Okay. Every day for the past 5 days I have taken to going out to the back yard with my morning coffee and shooting off about 25-30 rounds and keeping count. I'm doing this for another member who asked me if I'd see how many shots I got from a bandset he made. . .
Well, while I was at it this morning, I decided to make a quick video about shooting clay ammo at a chalk-drawn target with my little pocket shooter, then showing how easy it washes off.
Only thing is: I forgot I hadn't gotten dressed yet!
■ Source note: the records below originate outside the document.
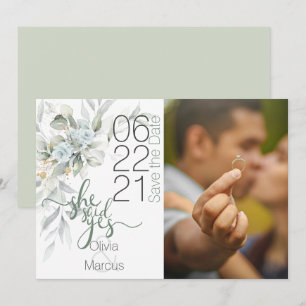 Blommigten Spara datum - Dusty Blue Watercolor- Datumet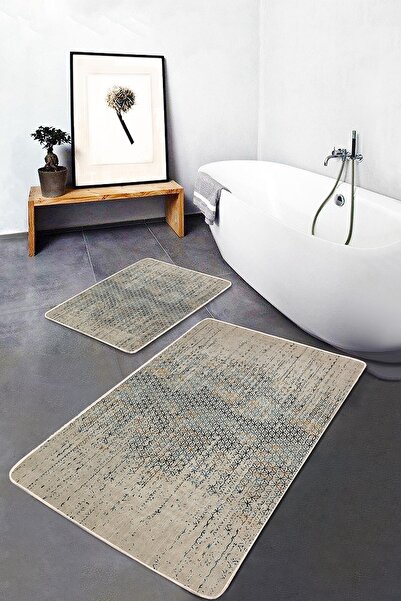 Realhomes 2'li Set Krem Zeminde Eskitme Motifli Geometrik Eskitme Motifli Vin...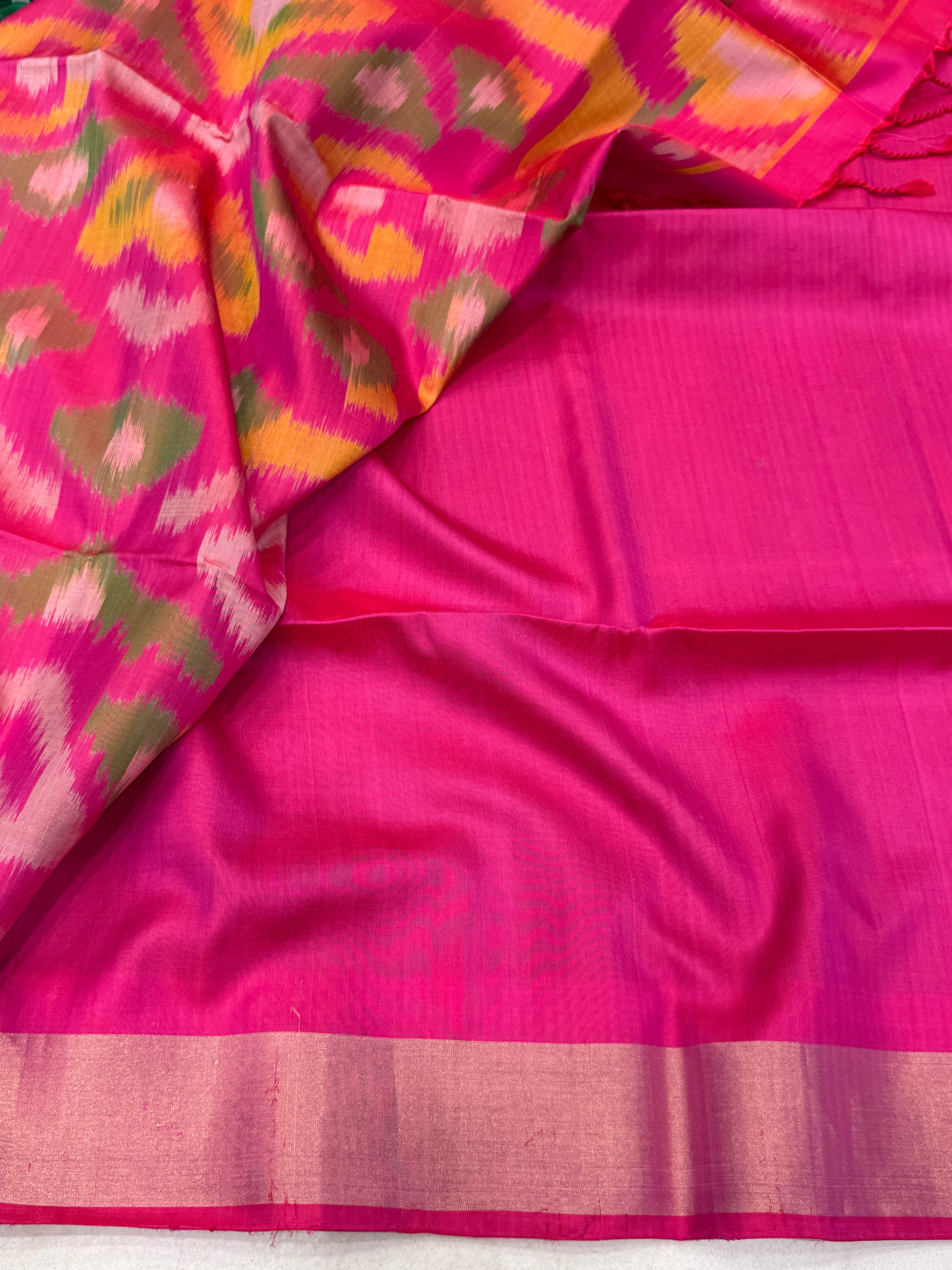 Bottle Green Rani Pochampally Ikat Patola Saree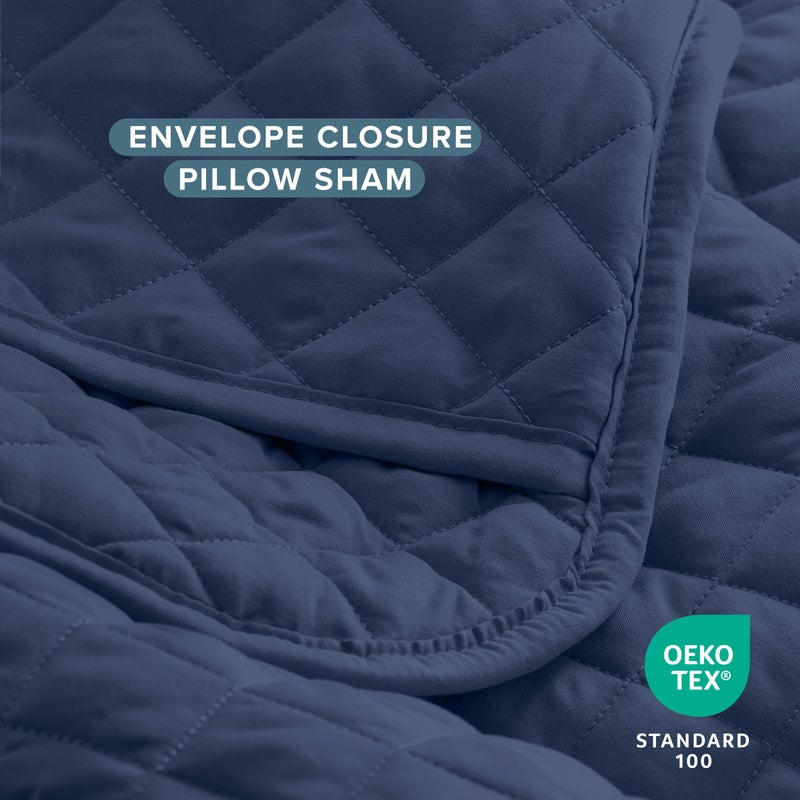 Bare Home Coverlet Set - Full/Queen - Lightweight Bed Decor - Comforter Alternative - All-Season Quilted Bedspread (Full/Queen, Dark Blue) - Image 5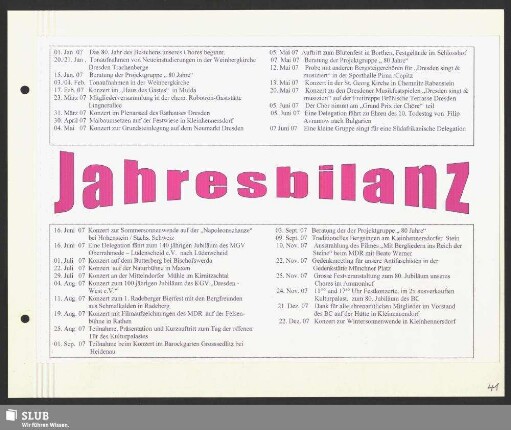 Jahresbilanz 2007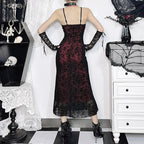 Elegant Lace Gothic Maxi Dress with Dark Romantic Alternative Styling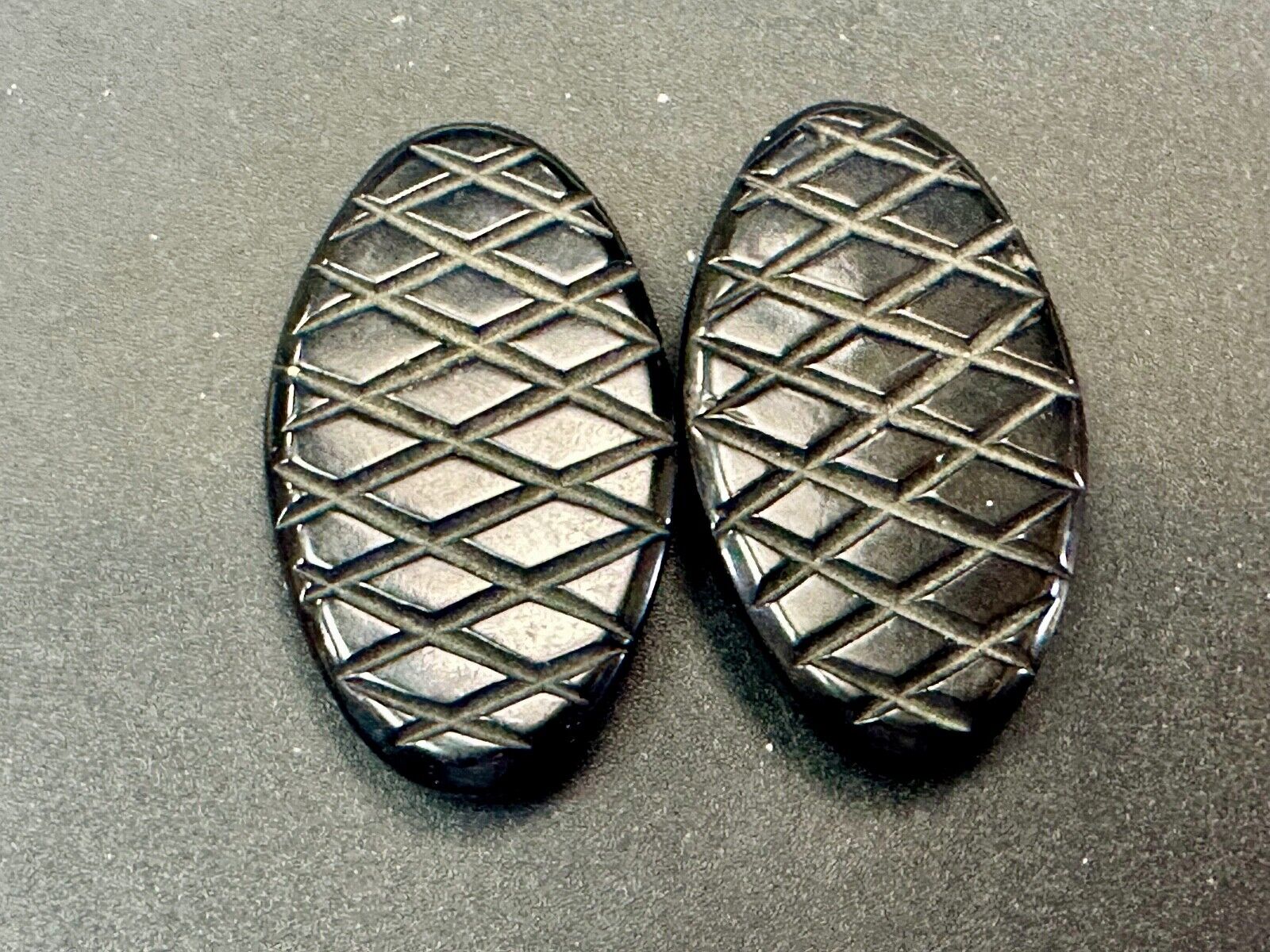 Two piece interconnecting vintage black shoe clips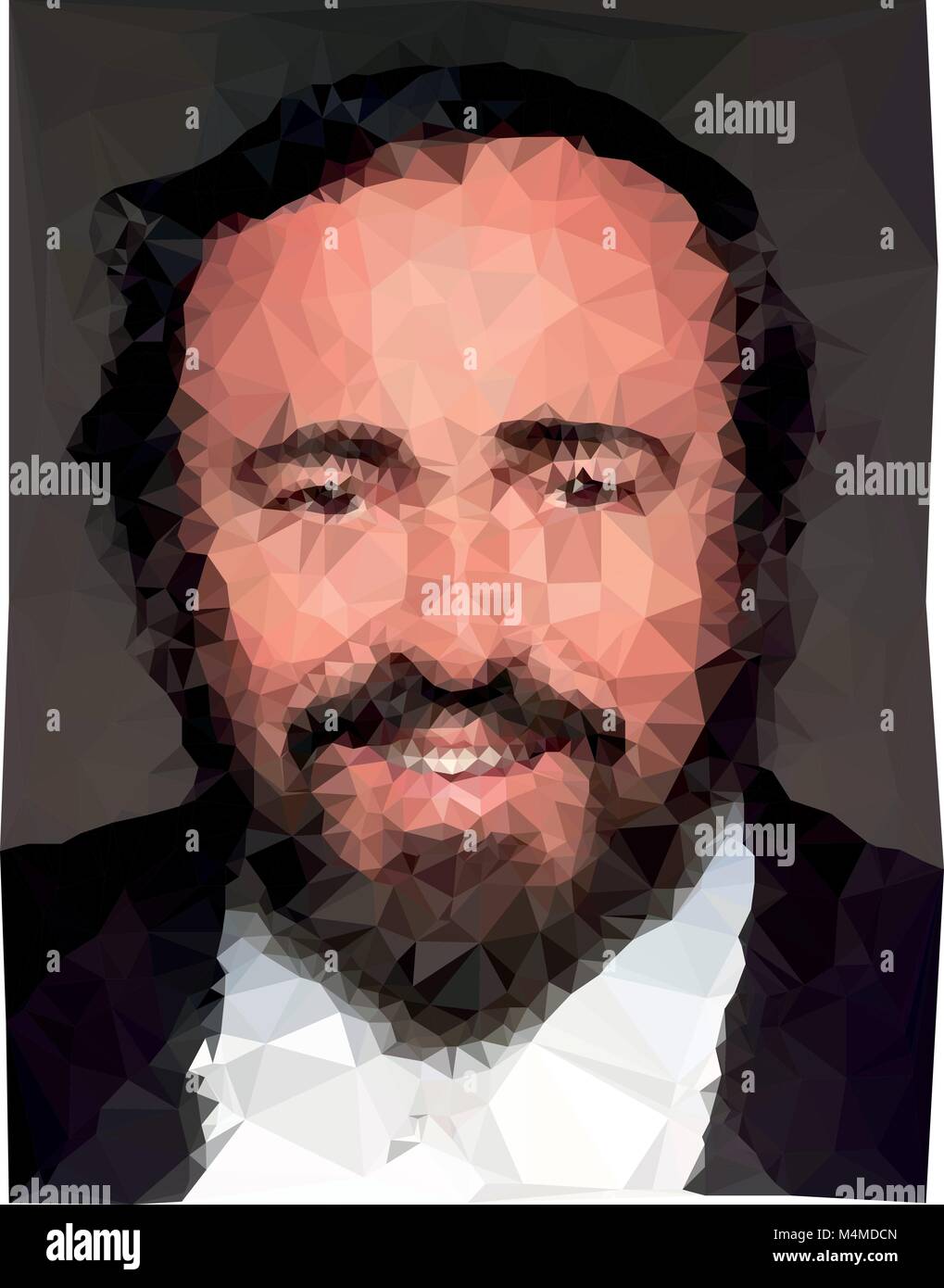 Luciano Pavarotti cantante ritratto poligonale illustrazione Illustrazione Vettoriale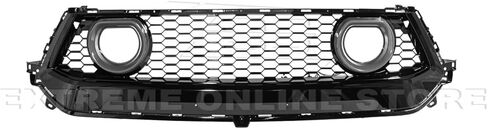 Replacement For 2024-Present Ford S650 Mustang EcoBoost & GT Models | GTV Style ABS Plastic - Painted Glossy Black Replacement Front Upper Grille Insert Air Intakes with LED Accent Lighting Cover in Saudi Arabia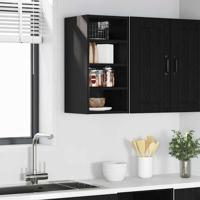 Hangkast Riga Zwart eiken 30 x 29,5 x 60 cm Bewerkt hout Hangkast Riga Zwart eiken 30 x 29,5 x 60 cm Bewerkt hout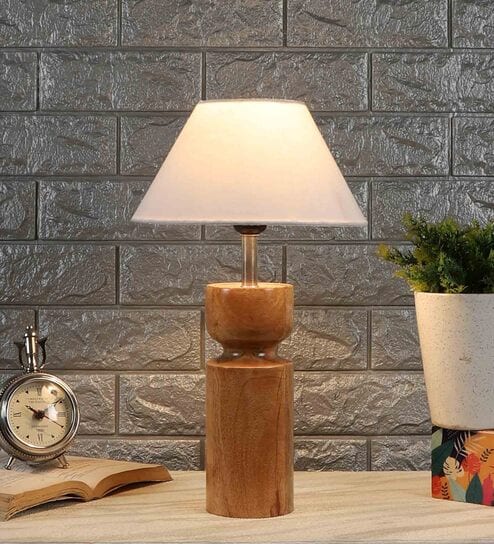 Nirvana Off White Cotton Shade Night Lamp With Wood Base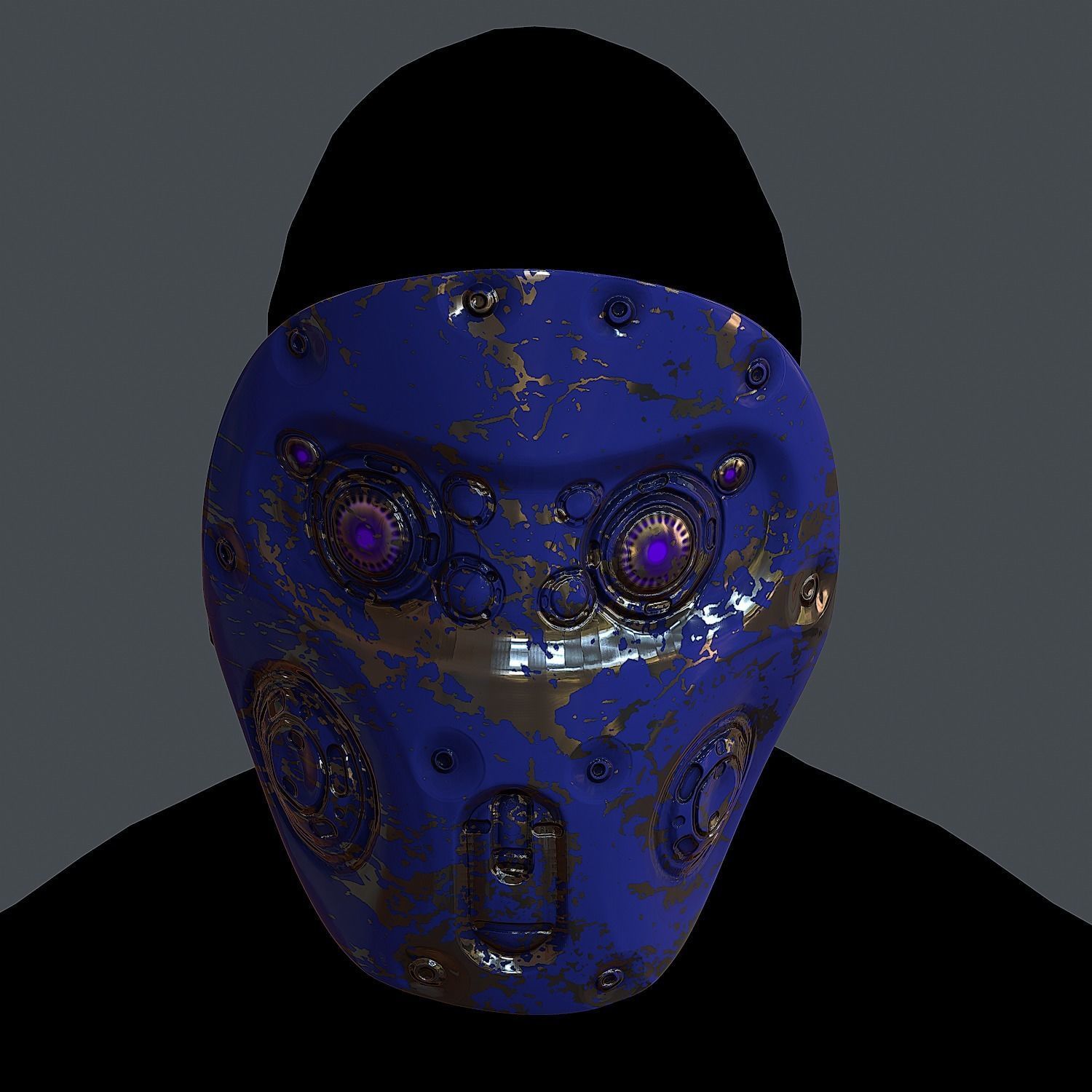 Gas mask helmet 3d model scifi Low-poly Low-poly Low-poly 3D model_4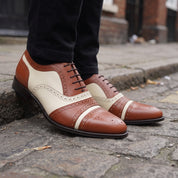 Men's Brown and Cream Leather Spectator Oxfords — Hensley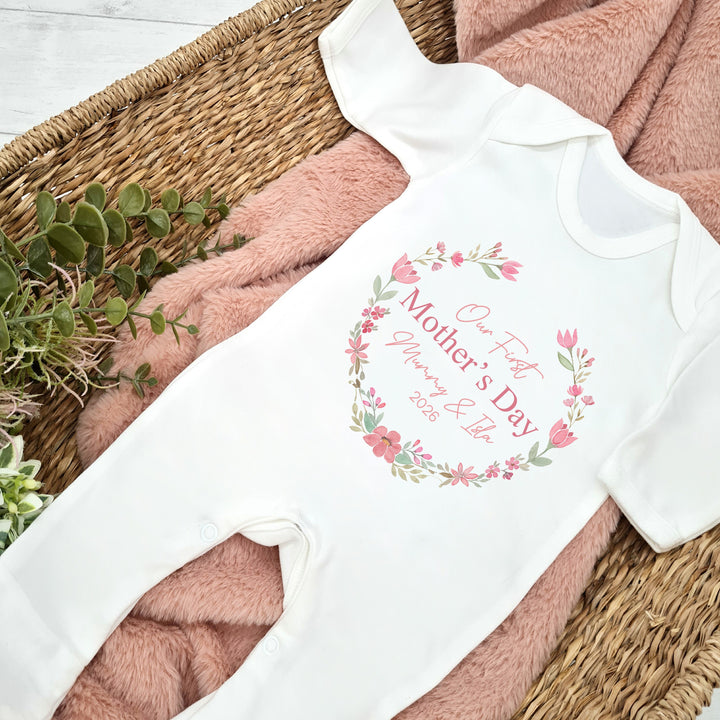 Personalised Pink Floral Wreath Our First Mother's Day Baby Grow or Vest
So here I am in all my slovenly glory.


. . . After you finish laughing, I hope you noticed how you can record your grouping like with a paper target. I think I had stage fright or something cuz I can actually shoot better that this. This was from about 8 or 10 yards back. But I think the grouping shows that the balls were flying pretty straight. Also, see how easy you can clean up? Good setup for city dwellers I say.

Thanks for looking.

P.S. I really am a LOT more handsome than this.


----------



## Skit Slunga (Apr 14, 2010)

Dayhiker said:


> Okay. Every day for the past 5 days I have taken to going out to the back yard with my morning coffee and shooting off about 25-30 rounds and keeping count. I'm doing this for another member who asked me if I'd see how many shots I got from a bandset he made. . .
> Well, while I was at it this morning, I decided to make a quick video about shooting clay ammo at a chalk-drawn target with my little pocket shooter, then showing how easy it washes off.
> Only thing is: I forgot I hadn't gotten dressed yet!
> 
> ...


You are dressed as a stick leaning on what appears to be a furnace filter... strange people here on the forum


----------



## Dayhiker (Mar 13, 2010)




----------



## hawk2009 (Dec 30, 2009)

Click on the picture another box opens and the video plays


----------



## Brooklyn00003 (Feb 28, 2010)

Good video ,its nice to see slingshooting.
Ohh you just need to move the circle so the shots would be on the middle hehe.


----------



## Skit Slunga (Apr 14, 2010)

hawk2009 said:


> Click on the picture another box opens and the video plays


T'ja! Ah noes







but what phun izzit if ya can't tease just a wee witto bit?


----------



## A+ Slingshots (Jan 22, 2010)

Would have never know it was your pajamas if you hadn't said.







I don't look any better most all the time and they are my regular clothes!!!


----------



## Melchior (Dec 27, 2009)

Clay ammo is great! I love it for shorter ranges. Thanks for the video.


----------